Prompt Optimization with Human Feedback (2405.17346v1)

Published 27 May 2024 in cs.LG and cs.AI

Abstract: LLMs have demonstrated remarkable performances in various tasks. However, the performance of LLMs heavily depends on the input prompt, which has given rise to a number of recent works on prompt optimization. However, previous works often require the availability of a numeric score to assess the quality of every prompt. Unfortunately, when a human user interacts with a black-box LLM, attaining such a score is often infeasible and unreliable. Instead, it is usually significantly easier and more reliable to obtain preference feedback from a human user, i.e., showing the user the responses generated from a pair of prompts and asking the user which one is preferred. Therefore, in this paper, we study the problem of prompt optimization with human feedback (POHF), in which we aim to optimize the prompt for a black-box LLM using only human preference feedback. Drawing inspiration from dueling bandits, we design a theoretically principled strategy to select a pair of prompts to query for preference feedback in every iteration, and hence introduce our algorithm named automated POHF (APOHF). We apply our APOHF algorithm to various tasks, including optimizing user instructions, prompt optimization for text-to-image generative models, and response optimization with human feedback (i.e., further refining the response using a variant of our APOHF). The results demonstrate that our APOHF can efficiently find a good prompt using a small number of preference feedback instances. Our code can be found at \url{https://github.com/xqlin98/APOHF}.

PDF HTML Abstract

Prompt Optimization with Human Feedback: An Expert Overview

The paper “Prompt Optimization with Human Feedback (POHF)” by Xiaoqiang Lin et al. provides a formal treatment of the challenging problem of optimizing prompts for LLMs using human preference feedback. The research addresses the common obstacle where numeric assessment scores for prompt quality are often infeasible or unreliable in real-world scenarios where users interact directly with black-box LLMs.

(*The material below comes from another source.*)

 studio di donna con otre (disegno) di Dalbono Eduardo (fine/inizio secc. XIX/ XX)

Problem Definition and Methodology

The primary objective of this paper is to optimize prompts using only binary preference feedback from human users, a problem defined as POHF. Traditional methods rely on numeric scores to evaluate prompts, which is impractical in many use cases. Instead, this paper proposes the use of human preference feedback, where users indicate their preferred response from a pair of LLM-generated prompts.

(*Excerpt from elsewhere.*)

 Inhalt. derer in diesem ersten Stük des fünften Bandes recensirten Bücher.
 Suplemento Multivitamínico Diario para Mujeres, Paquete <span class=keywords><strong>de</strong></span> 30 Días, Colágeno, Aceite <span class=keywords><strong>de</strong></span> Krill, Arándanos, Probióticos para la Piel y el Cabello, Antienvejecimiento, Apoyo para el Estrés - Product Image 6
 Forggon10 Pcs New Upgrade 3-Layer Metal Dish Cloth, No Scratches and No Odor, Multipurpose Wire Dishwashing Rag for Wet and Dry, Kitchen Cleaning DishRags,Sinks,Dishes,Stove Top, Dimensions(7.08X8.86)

The authors present the Automated Prompt Optimization with Human Feedback (APOHF) algorithm, drawing inspiration from dueling bandits, a subset of multi-armed bandit problems. The APOHF algorithm:

Utilizes embeddings from pre-trained LLMs as continuous representations of prompts.
Trains a neural network (NN) to predict the performance of different prompts based on these embeddings.
Implements a strategy for selecting a pair of prompts per iteration—inspired by upper confidence bound principles—balancing exploration and exploitation to efficiently find high-performing prompts.

Empirical Evaluation

The APOHF algorithm was evaluated using various tasks to demonstrate its effectiveness:

User Instruction Optimization:
- The setup leveraged 30 instruction induction tasks.
- Generated prompts using ChatGPT with initial task descriptions.
- Showcased better performance compared to baseline methods, achieving higher validation accuracy.
Text-to-Image Generative Models:
- Employed scenarios where prompts were optimized to produce images.
- Evaluated against four scenes using DALLE-3.
- Demonstrated increased alignment between generated images and predefined ground-truth images over iterations.
Response Optimization with Human Feedback:
- Adapted APOHF for further refining responses generated by LLMs.
- Utilized Anthropic Helpfulness and Harmlessness datasets for evaluation.
- Illustrated substantial improvement in response quality with minimal feedback iterations.

Numerical Results

The numerical outcomes in the experiments highlight the efficacy of the APOHF algorithm:

Instruction Optimization: APOHF showed consistent superior performance in achieving high validation accuracy, significantly outperforming alternatives such as random search, linear dueling bandits, and Double Thompson Sampling (DoubleTS).
Image Generation: The algorithm demonstrated an increment in image similarity scores, indicating better prompt generation as iterations increased.
Response Optimization: APOHF outperformed DoubleTS significantly, indicating its strong potential in improving LLM responses with limited feedback.

Implications and Future Directions

The implications of this research are twofold—practical and theoretical. Practically, APOHF enables users to optimize LLM prompts efficiently without the need for complex scoring systems, making LLMs more accessible and user-friendly. Theoretically, this paper extends the capabilities of bandit algorithms through the integration of neural network-based continuous function optimization, pushing the boundary of what can be achieved with bandit-inspired prompt optimization.

Future work could involve extending the framework to handle simultaneous multiple prompt selections with ranking-based feedback and further fine-tuning the algorithms for more specialized applications.

Conclusion

This research contributes significantly to the domain of prompt optimization for black-box LLMs, offering practical methods for real-world application and laying the groundwork for further advancements in this field. The APOHF algorithm’s reliance on human preference feedback rather than numeric scoring broadens its applicability, providing a robust and user-centric approach to optimizing prompts for LLMs.